~2025-06-09
Last week, Apple released a paper titled The Illusion of Thinking, making the bold claim that LRMs (Large Reasoning Models, their acronym for Chain-of-Thought models) "fail to develop generalizable problem-solving capabilities for planning tasks, with performance collapsing to zero beyond a certain complexity threshold."
My take? The paper's conclusion is overstated. It misinterprets fundamental limits in model "memory" (i.e., context length) as limits in "reasoning." However, the study's framework for evaluating models against scaling complexity is a valuable contribution, as is its classification of three distinct performance regimes. This analysis will also offer an answer to one of the paper's open questions.
The "reasoning" models in question here are largely based on a technique called Chain-of-Thought (CoT), where models are trained to "think" by generating text before providing an answer. This has been shown in numerous studies to increase benchmark performance. I'd suggest reading DeepSeek's R1 Paper if you want a deeper dive into how one of these models was trained.
To isolate "complexity" as the independent variable, the researchers rightly criticized standard benchmarks and instead created four puzzle environments where the difficulty could be precisely scaled:
1. Tower of Hanoi (exponential complexity growth)
2. Checker Jumping (quadratic complexity growth)
3. River Crossing (linear complexity growth)
4. Blocks World (linear complexity growth)
For each puzzle, Claude 3.7 Sonnet (with and without its "thinking" mode), DeepSeek-V3, and DeepSeek-R1 were tested 25 times per complexity level, with a max token length of 64k. The prompts described the rules, the goal, and provided an example. However, one instruction stands out:
When exploring potential solutions in your thinking process, always include the corresponding complete list of moves.
We'll come back to that instruction.
The results consistently revealed "three regimes of complexity." At low complexity, standard models perform just as well as their Chain-of-Thought (CoT) counterparts. At medium complexity, the CoT models pull ahead, showing a clear performance advantage. But at high complexity, both models collapse, and their accuracy approaches zero.

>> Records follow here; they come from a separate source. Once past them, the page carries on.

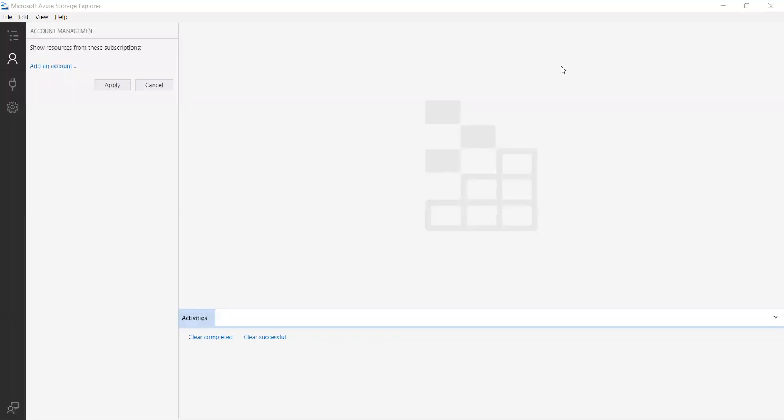Hello guys, in my previous session I explained what Azure storage services are, how to create containers in blob storage, how to upload image files, documents, and video files in blob storage, how to upload documents, how to store data in table storage service, and how to create messages in queue storage service.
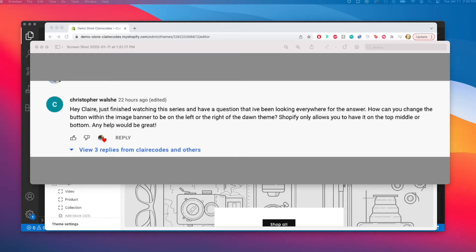Hello there and welcome back to the Claire Coates channel. In today's part of our Shopify 2.0 editing the Dawn theme tutorial part 5, we will be adding additional options for the button positioning.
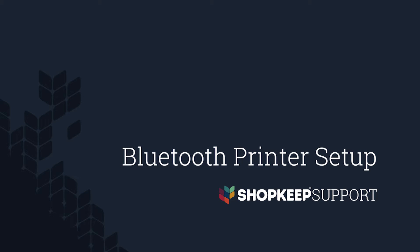Welcome to Shopkeep Video Support. I'm Peter, here to show you how to set up your Bluetooth receipt printer.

In the paper's "open questions" section, the authors note that when the model is explicitly given the solution algorithm for the Tower of Hanoi environment, performance doesn't improve at all. They write:
"This is noteworthy because finding and devising a solution should require substantially more computation... than merely executing a given algorithm."
On the surface, this is surprising. But it's telling that this experiment was only reported for Tower of Hanoi—the single puzzle with exponential complexity growth. I wonder if there's a correlation between the model's collapse point, the number of moves required at that point, and its maximum context length?
Let's take a closer look at Tower of Hanoi. For Claude, the model begins to collapse when N=10 disks are used. The minimum number of moves to solve this puzzle is 2^10 - 1, or 1,023 moves.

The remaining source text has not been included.